The Formation of New Zealand Jade (Pounamu)

New Zealand Pounamu- Nephrite Jade

Jade, Pounmau, Greenstone and Nephrite are all names associated with a precious gemstone found on the West coast of the South Island of New Zealand. The Maori word Pounamu is also used to describe other precious stones like serpentine and bowentine. NZ Jade was and still is a revered taonga (treasure) to Maori and was used to make tools, weapons, adornment and gifts.

Chemical Properties

Nephrite consists of interlocking fibres of calcium, magnesium iron rich amphibole. The higher the iron content, the greener the colour. Nephrite Jade is a tough stone graded at 6.0-6.5 on the Mohs scale, with diamond as a 10.

How is Jade formed?

Jade is formed in subduction zones which, are collisions between two tectonic plates. The plates involved in the creation of our Pounamu are the Pacific and Australian plates. The Pacific plate which carries the chemicals necessary for the formation of Jade flows under the Australian plate.

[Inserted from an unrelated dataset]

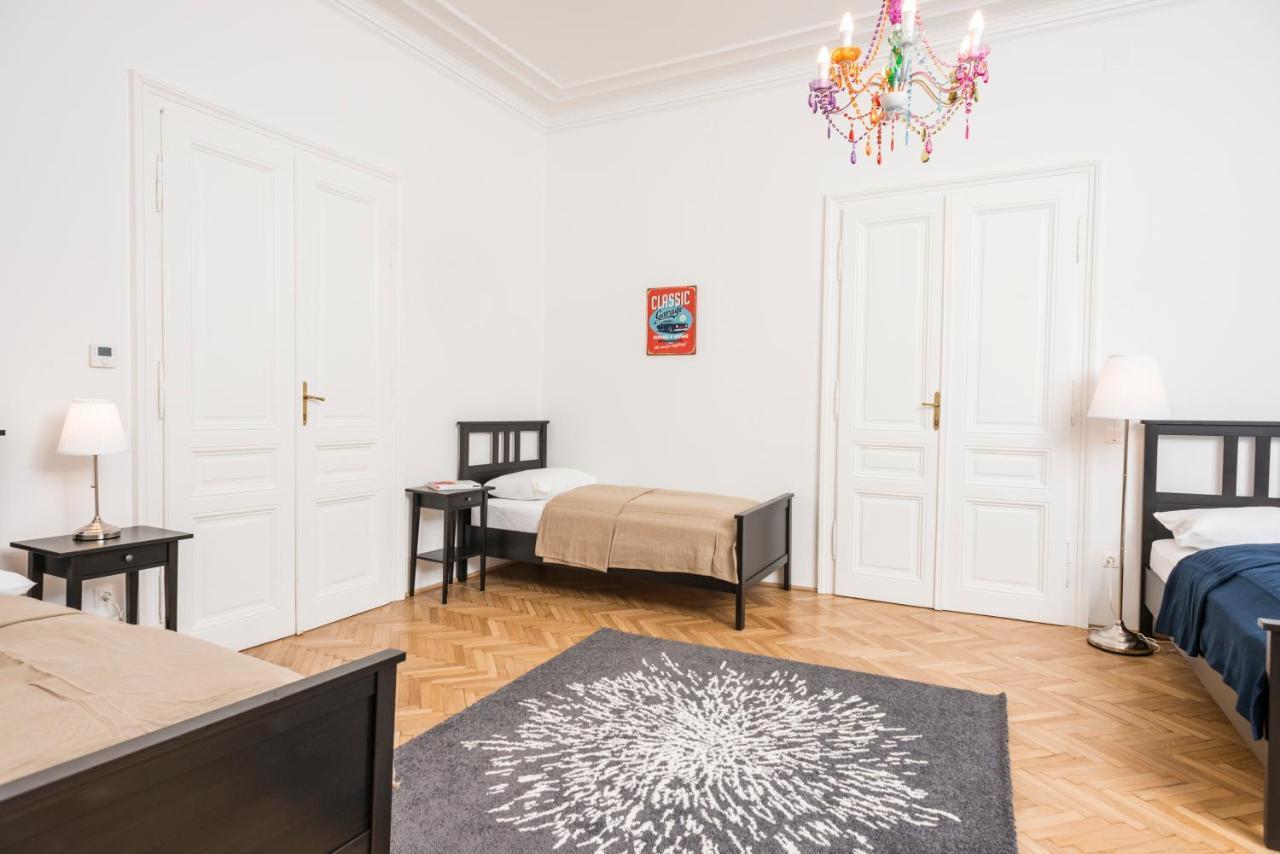 Apartamento Senator Stephansplatz By Ichbucheat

This collision combined with high pressure and relatively low temperatures create the structure of our Pounamu.

Types of New Zealand Jade (Pounamu)


Kahurangi literally means prized, precious, honourable, distinguished and treasured. 

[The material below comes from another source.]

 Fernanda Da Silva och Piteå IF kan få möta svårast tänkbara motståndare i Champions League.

Kahurangi is also a type of light-green, translucent greenstone without flaws or spots that is highly prized.
Kahurangi also means blue as in the phrase, 'Kahu o te Rangi' meaning 'the cloak of the heavens'.


Kawakawa Pounamu is the strongest and darkest form of pounamu. It is not usually translucent and occasionally has black flecks through the stone.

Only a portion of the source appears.